I turn to Amendments 109A and 110. These amendments relate to the ability to make regulations relating to provisions for the maintenance and publication of children not in school registers. The power to make regulations about whether and how the contents of registers are to be made available or published is important to ensure consistency across local authorities; consistency, or rather the current lack of it, has been mentioned by many of your Lordships today.
However, it may also be appropriate for some of this to be for local authorities to determine, based on local circumstances and requirements. For example, while we would expect to make regulations concerning how the register is to be kept updated, we may not initially wish to prescribe the registration forms that local authorities must use. Similarly, we may not ultimately wish to prescribe whether an authority needs to publish specific information from its register.
I turn to Amendment 133 in the names of the noble Baronesses, Lady Chapman and Lady Wilcox. The regulations prescribing the information to be provided to the Secretary of State have a narrow scope, as only information included within a local authority register can be shared. Information will be used to inform policy development to support safeguarding and children not in school. The Government believe that the negative resolution is appropriate for these regulations.

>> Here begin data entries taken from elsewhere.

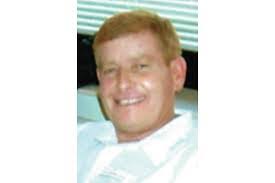 Kris Bloom's Instagram, Twitter & Facebook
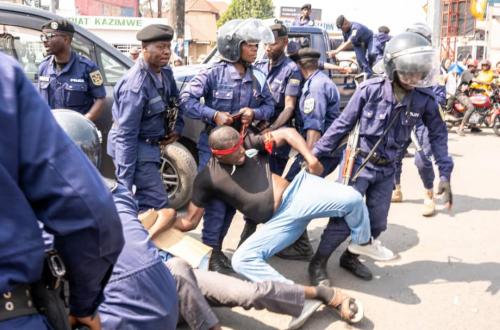 La police arrête 10 militants de la LUCHA lors d'une manifestation de soutien aux FARDC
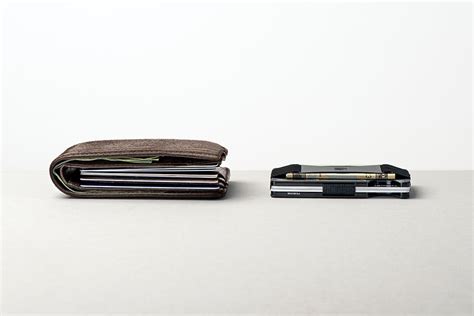 Best Minimalist Wallet | The Ridge Wallet vs. Ekster Wallet - Next Luxury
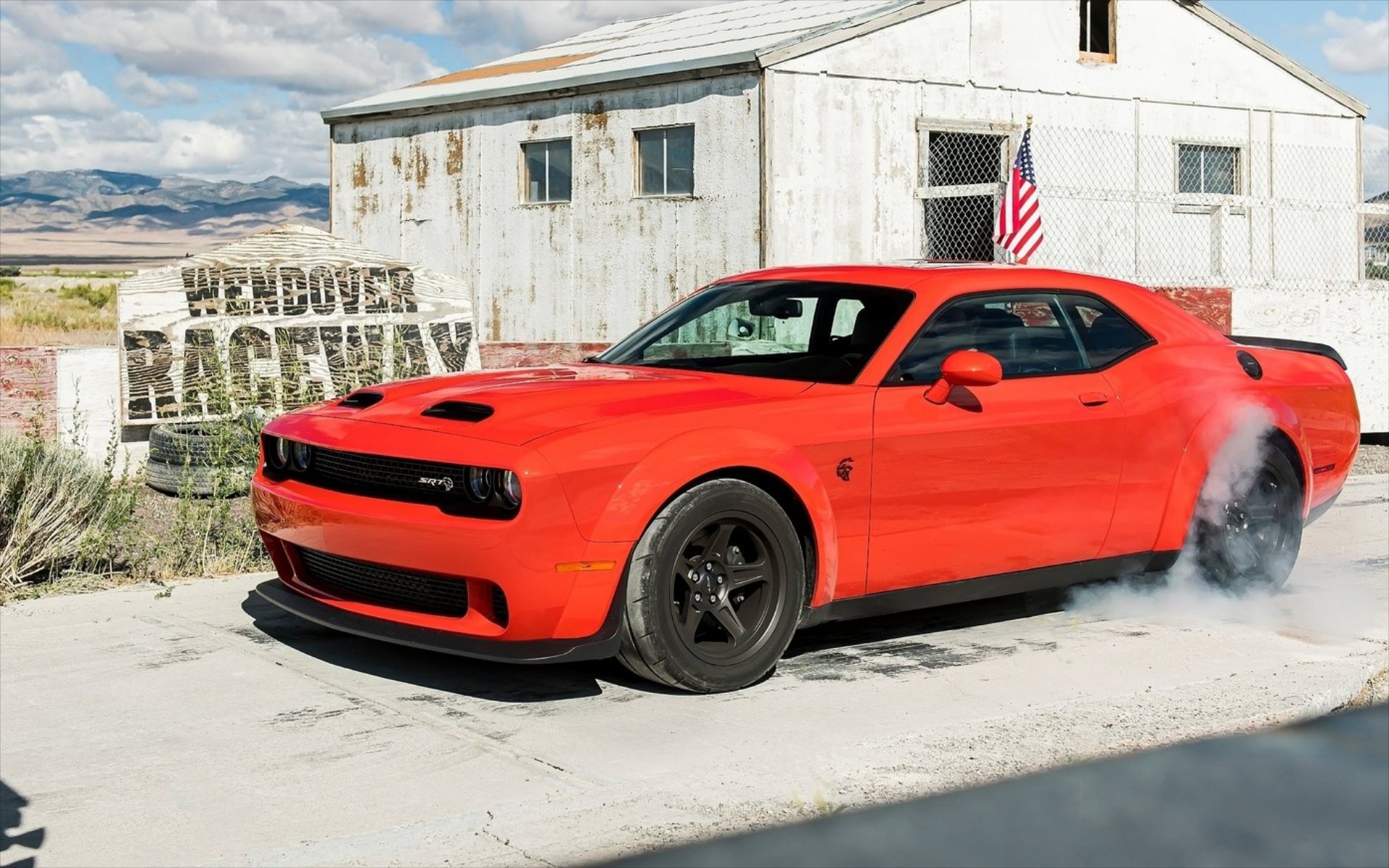 Η Dodge προσφέρει την καλύτερη δουλειά στον κόσμο με μισθό 150.000$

Regarding Amendment 171S, tabled by the noble Baroness, Lady Jones, existing UK GDPR obligations will apply and require that all the information held in the registers is protected, like any other personal data. In addition, work is already under way in my department to develop a certification process, independently endorsed by the Information Commissioner’s Office, that will cover the education sector to regulate the sharing of children’s data across the whole sector in a better way.
I hope I have managed to cover this large group of amendments on this important topic. I will take away a number of your Lordships’ remarks and reflect on them. With that, I hope the noble Baroness, Lady Whitaker, feels able to withdraw her amendment and that other noble Lords will not press theirs.
Before the Minister finishes, I say that the local authorities have been heavily involved in this data information issue. What sort of consultations were held with the Local Government Association and what information do local authorities actually need about a child?
If I may, I will include the answer to that question in a letter to the noble Lord.
In her very careful responses, the noble Baroness the Minister clearly recognises that there are very wide differences between the children who are not in school. Some are well educated and nobody wants to curtail that—adjustments may be made, but this is not thought to be a large percentage. An unknown number, but it is estimated to be a very large number, of children are not well educated; I suggest that the register needs to be primarily directed at these children. There are all sorts of reasons why they are not well educated. I will not go into them at this hour of the night but, for example, the schools are illegal or extreme, or the parents are at work or cannot educate the children; there are all sorts of reasons.
The Minister’s responses to our questions aimed at making the register more precise—more exactly tailored to what we all need from it while not curtailing the freedom of parents to educate their children at home well—seem mainly to relegate the details to regulations. For the reasons already given in earlier debates, there are problems with this; we have difficulty with it. However, for the time being, I beg leave to withdraw the amendment.